GründerGeflecht im Mai

Speed-Dating & Netzwerken

Am 22. Mai 2025 wurde der Hardehäuser Hof in Fritzlar zum Treffpunkt für Austausch, Begegnung und neue Verbindungen. Im Zentrum des Abends stand das Buddy-Speed-Dating – ein Format, das bewusst auf klassische Präsentationen verzichtet und stattdessen auf echte Gespräche setzt.

An drei Tischen begegneten sich die Gründungsteams des aktuellen Wettbewerbsjahrgangs und erfahrene Coaches aus dem Netzwerk. Jeweils zehn Minuten Gesprächszeit, dann wurde gewechselt.
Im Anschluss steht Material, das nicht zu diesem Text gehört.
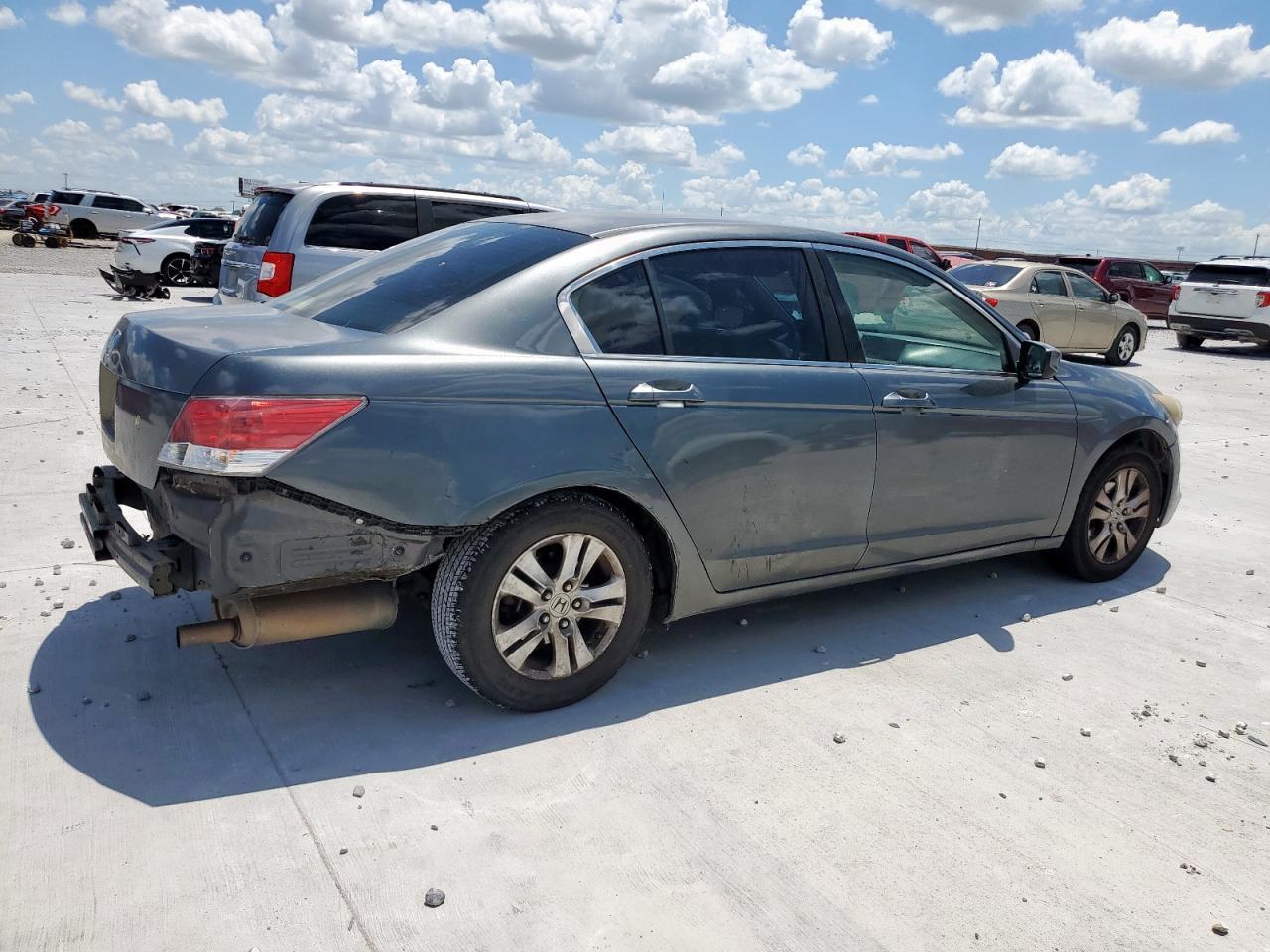 2008 HONDA ACCORD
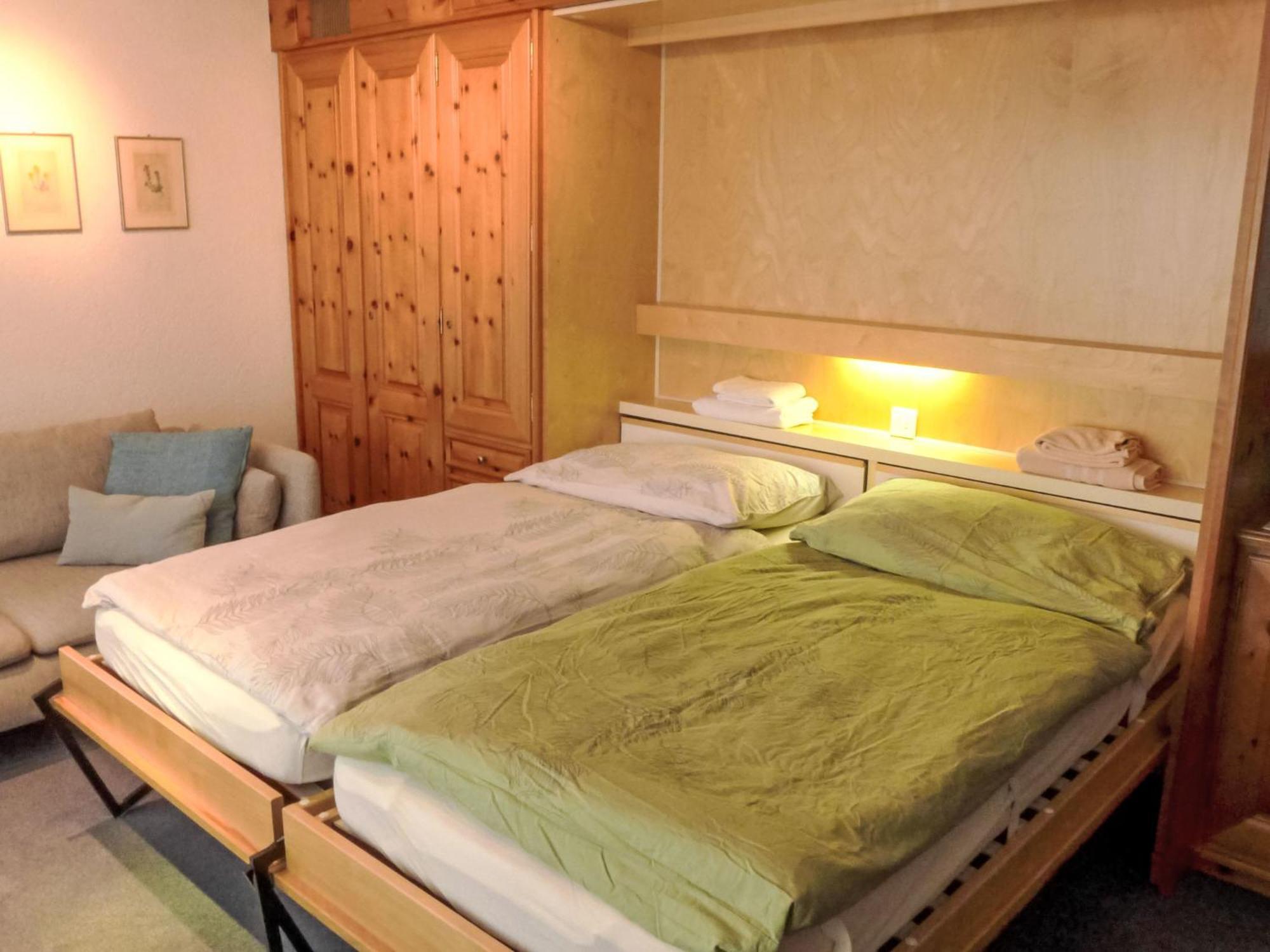 Apartment Oasis By Interhome Zermatt Eksteriør bilde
Die Idee dahinter: herausfinden, wer als Buddy zusammenpasst, nicht über Lebensläufe oder Slides, sondern über Haltung, Themen und gegenseitiges Interesse. Kein Pitch, kein PowerPoint, keine Show, sondern echtes Matching auf Augenhöhe.

Die Coaches brachten ihre Erfahrungen aus Gründung, Beratung, Handwerk, Technologie oder Unternehmensnachfolge ein. Für viele Teams war das Speed-Dating der erste persönliche Kontakt zu Menschen, die als Sparringspartner und Vertrauenspersonen im weiteren Wettbewerbsverlauf zur Seite stehen werden. Besonders für Teams ohne bestehendes Netzwerk in Nordhessen war das Buddy-Format ein Türöffner.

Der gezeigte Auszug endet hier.